• _EXERCISE_: Work out how many lines of the records contain "Price". Answer with the number and nothing else.

Short text fragments from websites
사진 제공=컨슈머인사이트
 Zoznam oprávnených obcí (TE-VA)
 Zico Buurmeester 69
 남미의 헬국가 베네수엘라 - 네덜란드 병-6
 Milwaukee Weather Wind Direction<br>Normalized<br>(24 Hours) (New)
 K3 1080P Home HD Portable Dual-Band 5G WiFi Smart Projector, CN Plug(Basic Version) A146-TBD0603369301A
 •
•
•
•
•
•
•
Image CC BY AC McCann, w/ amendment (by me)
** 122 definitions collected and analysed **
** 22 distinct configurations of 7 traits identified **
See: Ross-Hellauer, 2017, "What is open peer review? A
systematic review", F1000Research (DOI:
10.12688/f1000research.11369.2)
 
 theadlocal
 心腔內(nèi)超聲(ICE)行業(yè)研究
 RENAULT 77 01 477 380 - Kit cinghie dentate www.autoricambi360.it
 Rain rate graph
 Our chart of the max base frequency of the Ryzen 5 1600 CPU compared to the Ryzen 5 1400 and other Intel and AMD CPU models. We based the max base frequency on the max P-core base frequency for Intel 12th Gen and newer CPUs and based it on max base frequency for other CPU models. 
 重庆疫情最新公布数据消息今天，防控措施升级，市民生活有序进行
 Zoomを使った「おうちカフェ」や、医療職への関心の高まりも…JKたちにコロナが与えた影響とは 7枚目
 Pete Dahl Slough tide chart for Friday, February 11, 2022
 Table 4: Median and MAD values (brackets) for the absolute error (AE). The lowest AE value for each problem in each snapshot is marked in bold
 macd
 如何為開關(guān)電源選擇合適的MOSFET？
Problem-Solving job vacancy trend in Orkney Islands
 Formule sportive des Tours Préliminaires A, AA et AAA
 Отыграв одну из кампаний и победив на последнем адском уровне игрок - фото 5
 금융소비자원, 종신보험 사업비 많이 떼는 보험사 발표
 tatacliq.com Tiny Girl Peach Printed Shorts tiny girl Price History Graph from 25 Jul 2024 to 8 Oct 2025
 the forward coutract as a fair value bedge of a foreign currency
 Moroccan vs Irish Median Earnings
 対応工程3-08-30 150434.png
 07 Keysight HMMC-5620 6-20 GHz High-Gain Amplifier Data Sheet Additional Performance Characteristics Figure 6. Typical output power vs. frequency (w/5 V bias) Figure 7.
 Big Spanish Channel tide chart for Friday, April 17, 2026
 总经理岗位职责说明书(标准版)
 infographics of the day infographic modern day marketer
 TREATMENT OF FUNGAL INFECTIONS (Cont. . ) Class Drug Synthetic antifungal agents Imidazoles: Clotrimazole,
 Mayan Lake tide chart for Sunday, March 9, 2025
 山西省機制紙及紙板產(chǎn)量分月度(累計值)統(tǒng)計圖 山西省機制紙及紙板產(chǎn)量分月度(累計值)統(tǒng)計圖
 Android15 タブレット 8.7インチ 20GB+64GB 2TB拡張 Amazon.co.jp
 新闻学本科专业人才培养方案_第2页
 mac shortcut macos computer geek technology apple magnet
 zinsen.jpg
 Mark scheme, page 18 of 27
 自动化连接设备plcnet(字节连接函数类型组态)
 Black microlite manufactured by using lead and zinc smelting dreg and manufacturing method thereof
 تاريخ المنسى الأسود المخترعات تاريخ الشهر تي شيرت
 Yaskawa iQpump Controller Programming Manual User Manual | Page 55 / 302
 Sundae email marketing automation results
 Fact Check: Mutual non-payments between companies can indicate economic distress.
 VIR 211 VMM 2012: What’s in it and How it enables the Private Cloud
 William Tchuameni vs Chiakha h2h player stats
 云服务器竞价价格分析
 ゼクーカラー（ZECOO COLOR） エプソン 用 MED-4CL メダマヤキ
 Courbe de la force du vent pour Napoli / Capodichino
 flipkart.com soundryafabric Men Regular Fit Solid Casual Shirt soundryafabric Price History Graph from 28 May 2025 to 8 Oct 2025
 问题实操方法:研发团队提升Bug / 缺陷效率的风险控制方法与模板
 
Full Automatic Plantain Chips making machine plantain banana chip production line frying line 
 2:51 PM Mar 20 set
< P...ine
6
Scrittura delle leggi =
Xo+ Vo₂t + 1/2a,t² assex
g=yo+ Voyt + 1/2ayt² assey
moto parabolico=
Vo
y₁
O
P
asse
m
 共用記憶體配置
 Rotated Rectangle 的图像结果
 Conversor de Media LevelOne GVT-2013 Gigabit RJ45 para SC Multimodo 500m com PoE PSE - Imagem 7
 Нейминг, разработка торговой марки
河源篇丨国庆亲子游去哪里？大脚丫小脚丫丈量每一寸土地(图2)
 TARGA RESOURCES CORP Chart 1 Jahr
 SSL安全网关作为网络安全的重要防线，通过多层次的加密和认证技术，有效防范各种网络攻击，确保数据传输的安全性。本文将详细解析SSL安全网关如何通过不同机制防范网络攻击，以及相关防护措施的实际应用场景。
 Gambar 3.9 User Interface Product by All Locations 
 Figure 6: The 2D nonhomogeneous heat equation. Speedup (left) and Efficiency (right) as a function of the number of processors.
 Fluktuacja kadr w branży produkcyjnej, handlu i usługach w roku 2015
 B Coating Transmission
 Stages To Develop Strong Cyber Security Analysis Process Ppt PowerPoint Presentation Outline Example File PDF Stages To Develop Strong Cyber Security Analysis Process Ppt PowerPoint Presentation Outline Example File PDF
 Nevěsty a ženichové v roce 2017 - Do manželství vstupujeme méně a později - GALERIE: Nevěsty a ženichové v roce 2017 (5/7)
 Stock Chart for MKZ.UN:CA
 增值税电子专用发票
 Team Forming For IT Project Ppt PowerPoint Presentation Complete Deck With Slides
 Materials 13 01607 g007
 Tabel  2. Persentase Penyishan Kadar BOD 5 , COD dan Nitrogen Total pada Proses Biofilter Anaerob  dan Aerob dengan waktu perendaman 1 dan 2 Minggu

• _WRITTEN ANSWER_: 2